The chestahedron, which can into human consciousness just very recently, also has a dual, the decatria. I'm surprised that it took me two years from finding out about the chestahedron to learn about its dual, which still is more than a mystery to me. I know it has 13 faces, 19 corners and 30 edges, mostly likely three different kind of faces. I still struggle to understand the 2d images I saw so far, how many different edge length are involved, so I delayed the ambition to "tensegrify" the decatria.

I got inspired, however, to build a chestahedron similar to the 4 strut tetrahedron, using the tension elements to outline the wireframe version of its geometry. I struggled a lot when tried this for the octahedron, failed completely for the cube so far. The six strut icosahedron doesn't need the additional six strings to unveil it's "true" geometry, my ten strut dodecahedron usually ends up slightly imperfect, with most pentagons not being really symmetric. 

10 strut dodecahedron

6 strut icosahedron

I ruminated a lot before getting hands on, using my experiences of building asymmetric structures to have a plan which made sense to me. I got frustrated on earlier attempts to construct things which seemed initially possible, but then turned out quite different. The idea to use seven struts for building a seven-sided object with seven corners kept me going.

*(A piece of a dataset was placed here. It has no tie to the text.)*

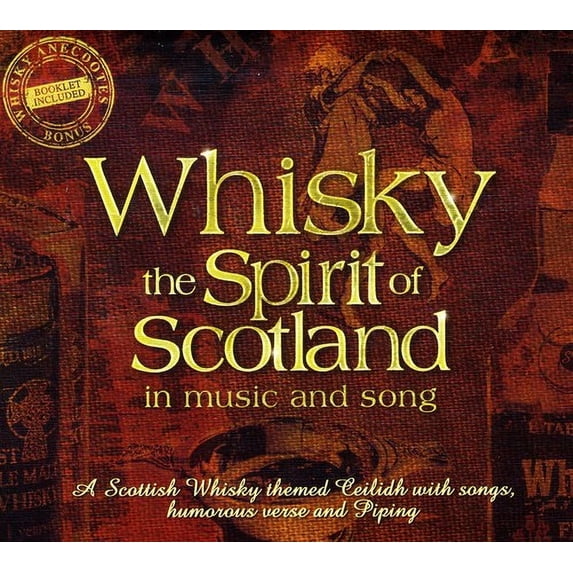 Various Artists - Whisky: The Spirit Of Scotland - World / Reggae - CD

As the chestahedron has an unfolded tetrahedron at its base, the first tensegrity shape conceived in modern times might provide a great starting point.

This constellation was build in the 1920s before the term "tensegrity" was coined.

My first attempt followed my intuition. I chose three different length for the struts: 30cm for the base, 20cm for the vertical riser, and 15 cm for the middle section. The length for the outer tension network were simple, using the edge length relations Frank Chester published for the chestahedron. 9 strings were knotted to 30 cm, 3 more to 16cm, for a 0.53 ratio between top and base edge. In the truncated version, the top seemed to sink a bit in, distorting the beautiful relation of the solid object.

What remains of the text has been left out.